Колосов и Померанцев живут по соседству и поэтому ехали домой на одном извозчике. Дорогой Померанцев очень много говорил о сегодняшнем деле, жалел Таню и радовался снисхождению, которое дано Хоботьеву. Колосов отвечал односложно и неохотно. Дома Колосов, не торопясь, разделся, спросил, спит ли жена, и, проходя мимо, детской, машинально взялся за ручку двери, чтобы, по обыкновению, зайти поцеловать детей, но раздумал и прошел прямо к себе в спальню.
Из жизни штабс-капитана Каблукова*
Через запушенные инеем и покрытые алмазными елками стекла окон проникали утренние лучи зимнего солнца и наполняли холодным, но радостным светом две большие, высокие и голые комнаты, составлявшие вместе с кухней жилище штабс-капитана Николая Ивановича Каблукова и его денщика Кукушкина. Видимо, за ночь мороз окрепчал, потому что на подоконниках у углов рам образовались ледяные наросты, и при дыхании поднимался пар в холодном воздухе, за ночь очистившемся от запаха табака.
— Кукушкин, — хриплым баритоном крикнул Николай Иванович, прихлебывая из стакана горячий, крепкий чай.

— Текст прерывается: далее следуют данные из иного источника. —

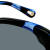 蔻依（Chloe）女士太阳镜 CH0195S 黑边框精致渐变色淑女气质端庄优雅休闲墨镜 Havana 003 / BLUE Lens 56-16-140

Стакан был вставлен в серебряный, почерневший в узорах подстаканник, вместе с серебряной ложечкой составлявший весь ассортимент имевшихся у капитана драгоценных вещей. — Кукушкин!
Слегка зацепившись в дверях, вошел денщик, за несообразность, по выражению фельдфебеля, уволенный от строевой службы. Маленькая голова его с большими лопастными ушами уныло торчала на длинном и худом туловище, охотно принимавшем всякое положение, кроме требуемого.
— Экий ты, братец, михрютка, — кротко упрекнул капитан. — Нужно идти сразу, когда зовут.
— Так точно, — угрюмо пробурчал Кукушкин и скосил глаза.
— Экий ты дурак, братец. И чего ты морду-то воротишь? Пьян был?
— Нам не на что пить.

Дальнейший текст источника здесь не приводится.